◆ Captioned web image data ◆
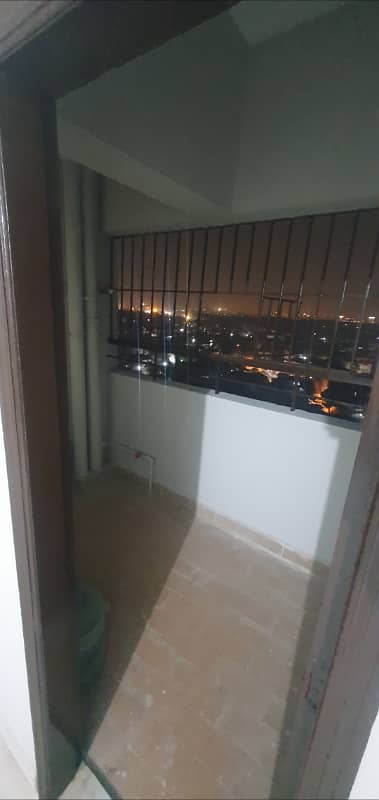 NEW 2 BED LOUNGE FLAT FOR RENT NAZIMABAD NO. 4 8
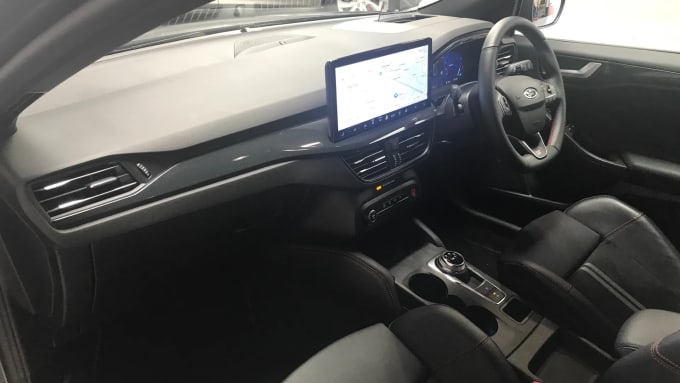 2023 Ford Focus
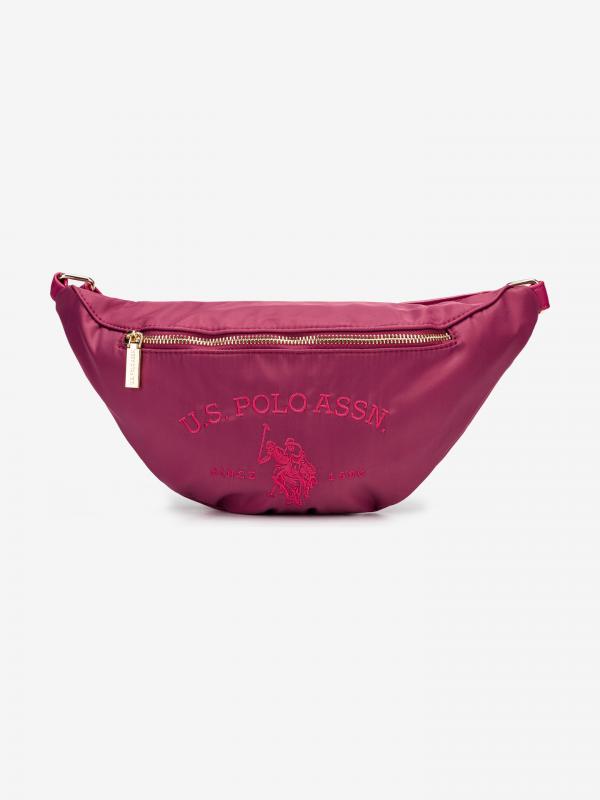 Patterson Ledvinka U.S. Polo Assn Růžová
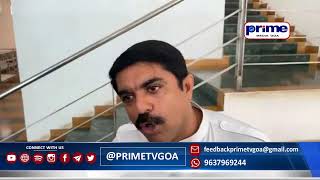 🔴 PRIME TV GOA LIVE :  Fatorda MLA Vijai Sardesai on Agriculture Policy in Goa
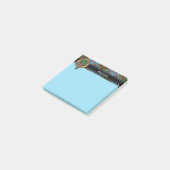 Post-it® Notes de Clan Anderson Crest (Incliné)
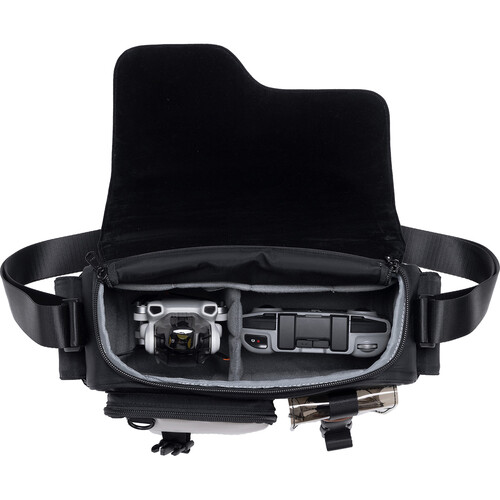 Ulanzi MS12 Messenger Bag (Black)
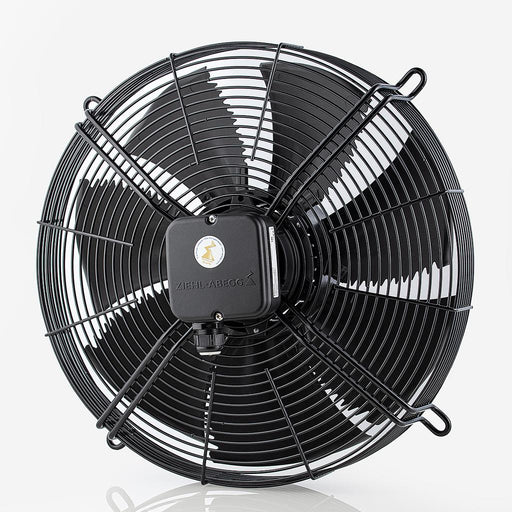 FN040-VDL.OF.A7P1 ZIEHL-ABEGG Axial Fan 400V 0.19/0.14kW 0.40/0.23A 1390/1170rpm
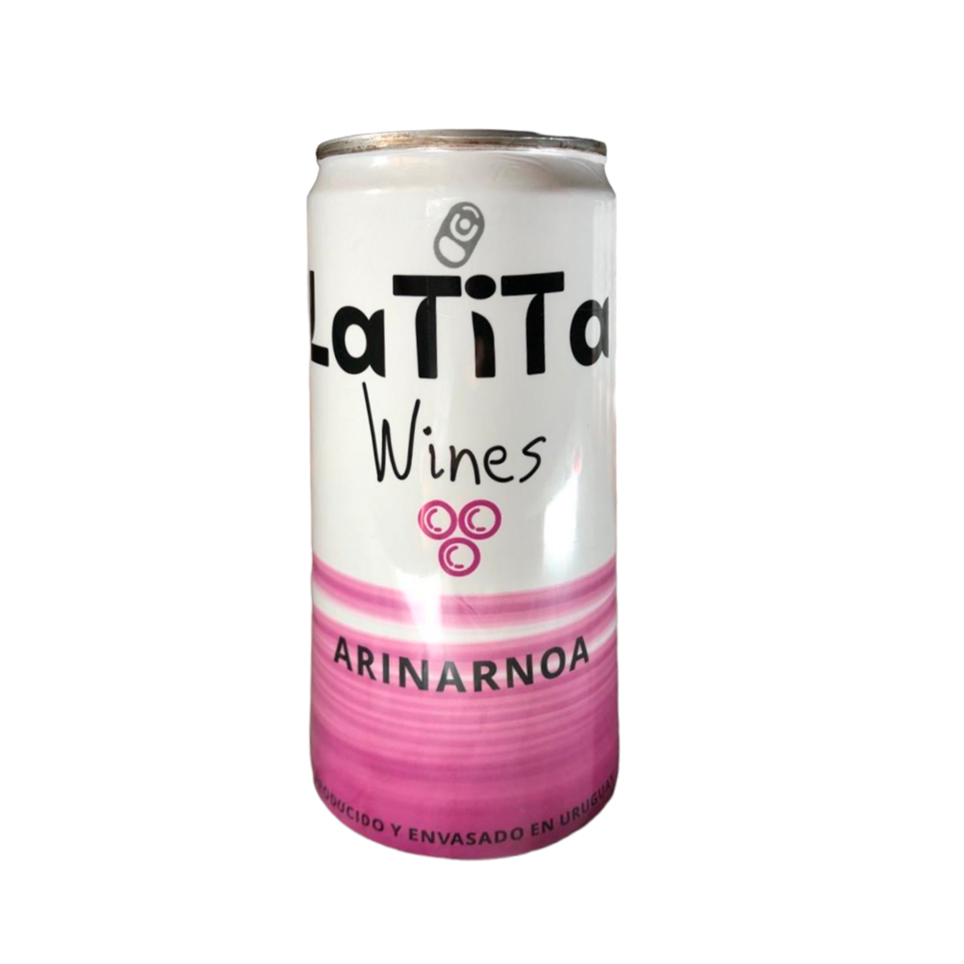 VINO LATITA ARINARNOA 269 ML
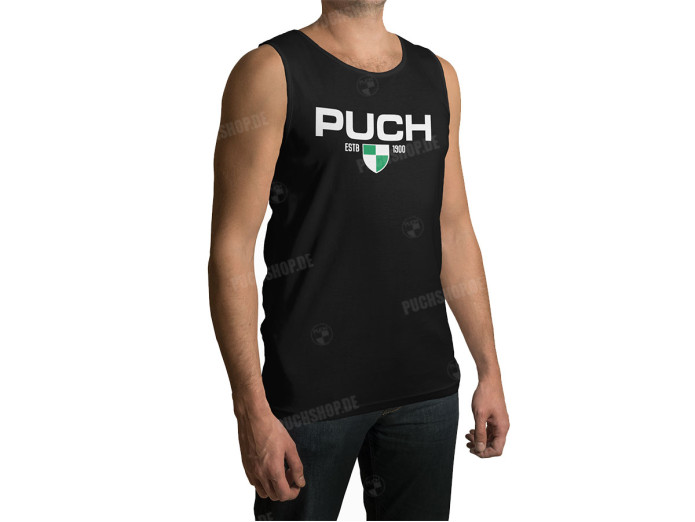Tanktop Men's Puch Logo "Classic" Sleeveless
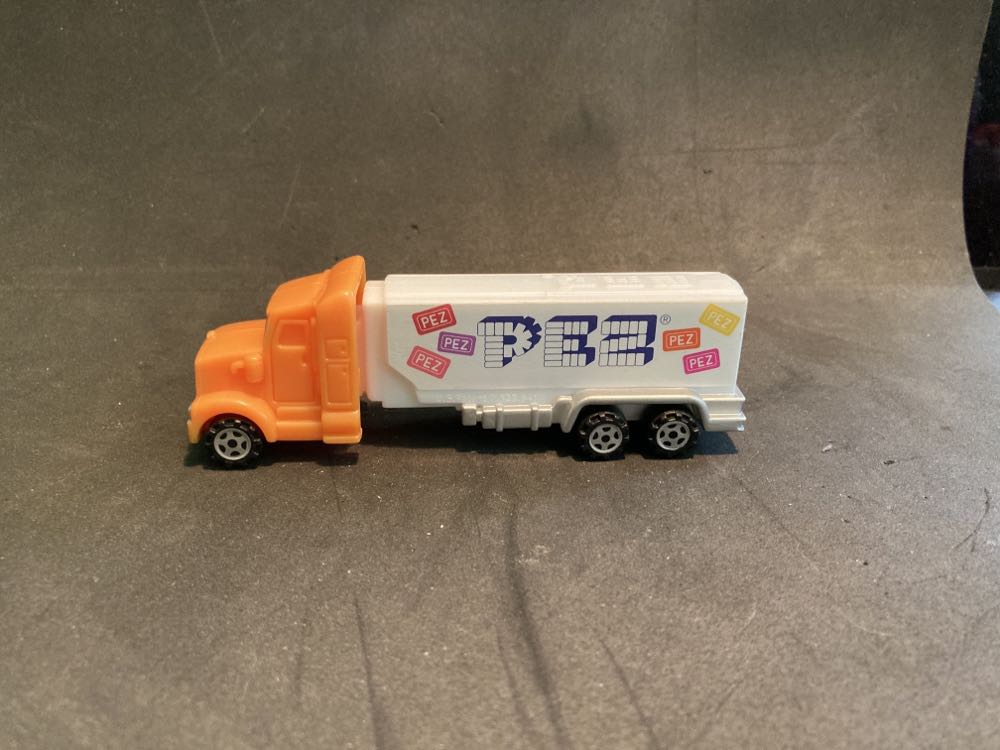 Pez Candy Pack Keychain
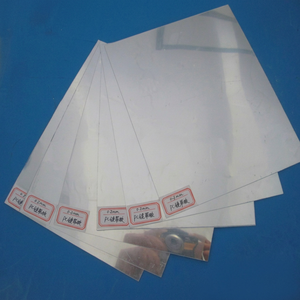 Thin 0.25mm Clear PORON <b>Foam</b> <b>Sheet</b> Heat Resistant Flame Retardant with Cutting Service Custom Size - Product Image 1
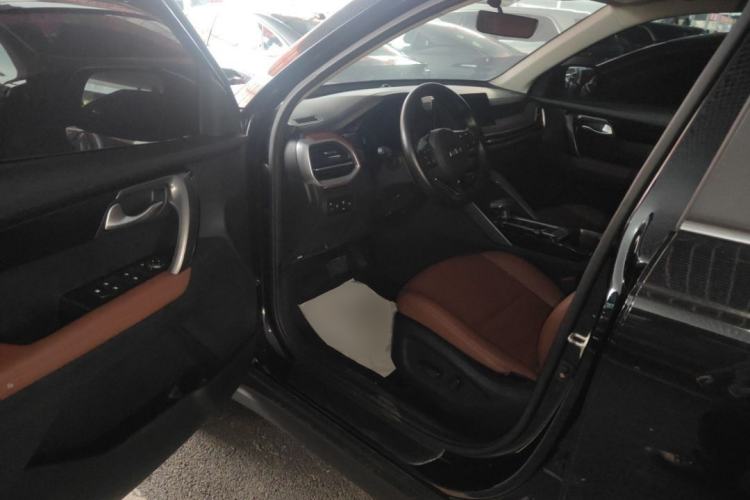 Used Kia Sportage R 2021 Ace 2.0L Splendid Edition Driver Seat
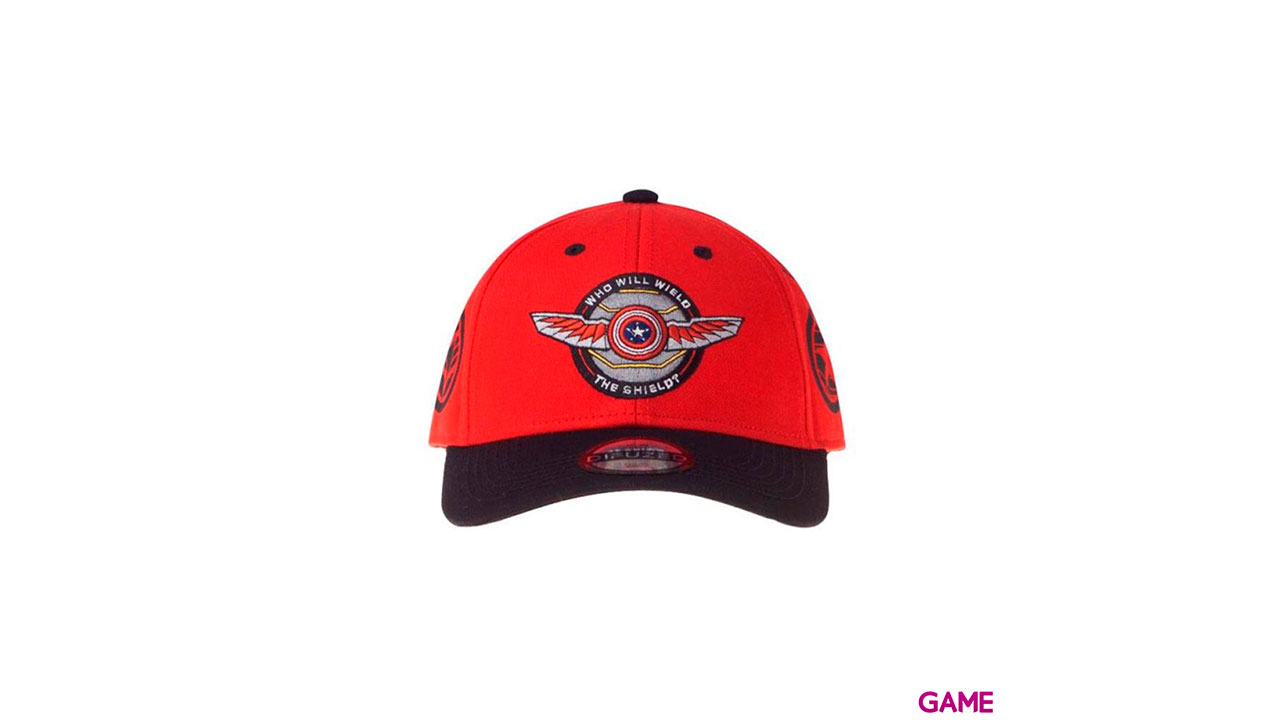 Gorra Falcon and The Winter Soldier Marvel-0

◆ Your instructions ◆
Your answer should be the lines above from the one that contains "Pez Candy Pack Keychain" through the last, set down exactly, with the pictures removed.

◆ Result for this exercise ◆
 Pez Candy Pack Keychain
 Thin 0.25mm Clear PORON <b>Foam</b> <b>Sheet</b> Heat Resistant Flame Retardant with Cutting Service Custom Size - Product Image 1
 Used Kia Sportage R 2021 Ace 2.0L Splendid Edition Driver Seat
 Gorra Falcon and The Winter Soldier Marvel-0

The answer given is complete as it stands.